13. Sangue Foi Derramado

231 21 1
                                    

- Mãe. - sussurrou. Não soube por que o fez, as palavras simplesmente escaparam de seus lábios. Ali, naquele lugar de escuridão e medo, a última coisa que ela faria se estivesse sã seria chamar pela mãe. Seus lábios rachados e pálidos se abriram com esforço para mais um apelo.

- Mãe. - repetiu, sabendo que ninguém a ouviria. Apenas o som da sua voz interrompia o silêncio mórbido que dominava o cômodo fechado durante todos os dias. Seus ouvidos zumbiam, sua cabeça latejava e ela sangrava de um ferimento na perna ao ter caído da escada. Todos os dias, ao acordar, Alariën se perguntava como ainda estava viva.

Talvez porque ela ainda queria viver. Ou talvez o motivo de ter vindo até ali fosse tão importante que não poderia se dar ao luxo de morrer depois de tudo que vivenciou durante o trajeto até as minas de Moria. Ou talvez tivesse uma tênue esperança de que seria resgatada, que sairia daquele lugar para nunca mais voltar.
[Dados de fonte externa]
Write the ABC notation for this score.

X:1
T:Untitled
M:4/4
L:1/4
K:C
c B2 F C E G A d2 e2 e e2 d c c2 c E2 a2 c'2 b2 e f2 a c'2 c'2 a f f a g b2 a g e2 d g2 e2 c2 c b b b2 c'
Não conseguia encontrar a resposta, por mais que refletisse sozinha e abandonada.

Alariën levantou a cabeça e olhou para todos os lados, como um animal assustado. Ouvia passos à distância, aproximando-se com rapidez. Seu corpo inteiro se pôs em alerta, e ela recuou até encostar à parede. Os pulsos e tornozelos doeram insuportavelmente quando ela se moveu; enormes correntes a prendiam ao chão, e eram tão apertadas que machucavam sua pele ao mínimo movimento.
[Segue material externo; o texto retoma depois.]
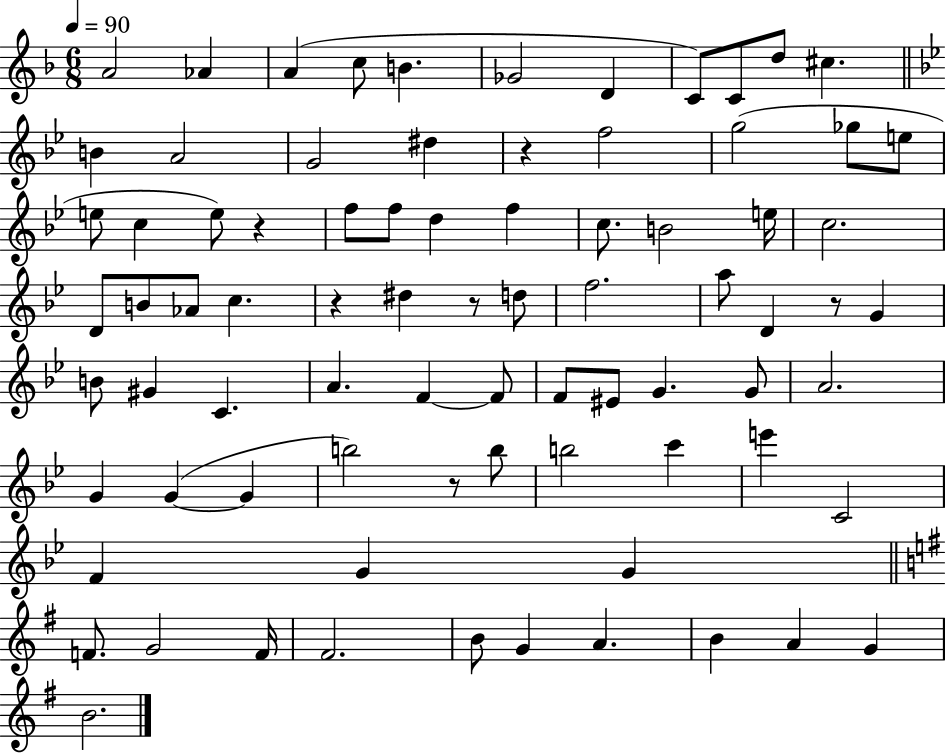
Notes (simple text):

A porta de ferro se abriu estrondosamente, e a luz amarelada do fogo iluminou o aposento. A claridade queimou os olhos de Alariën; depois de tantos dias sem ver um fiapo de luz, era quase como se estivesse tentando encarar o sol. Cobriu os olhos com a mão, provocando dores por todo o braço; um ruído de dor escapou da sua garganta quando ela fez força para não gritar.

- Está na hora. - a voz do orc provocou arrepios na elfa. Ainda não conseguia vê-lo, mas sentiu quando ele quebrou as correntes que prendiam suas pernas com um machado. Sentiu o sangue escorrer pela perna até o chão. Quis mover-se, impor mais distância entre si e a criatura, mas não conseguiu mover um centímetro. Permaneceu parada, enquanto o orc quebrava cada corrente com um machado. Puxou a mão que ela cobria os olhos sem piedade, e a luz incidiu sobre seu rosto novamente. Dessa vez, conseguiu abrir os olhos e vislumbrou a porta escancarada, do outro lado.

Quando a última corrente foi quebrada, o orc a puxou pelo braço. Suspendeu-a por um segundo, mas seu corpo fraco desabou no instante seguinte. Alariën caiu de costas, o que foi um alívio. O orc começou a impacientar-se. Desembainhou uma espada guardada às costas e encostou à barriga da elfa, num aviso silencioso. Apesar de toda a dor, Alariën levantou-se hesitantemente.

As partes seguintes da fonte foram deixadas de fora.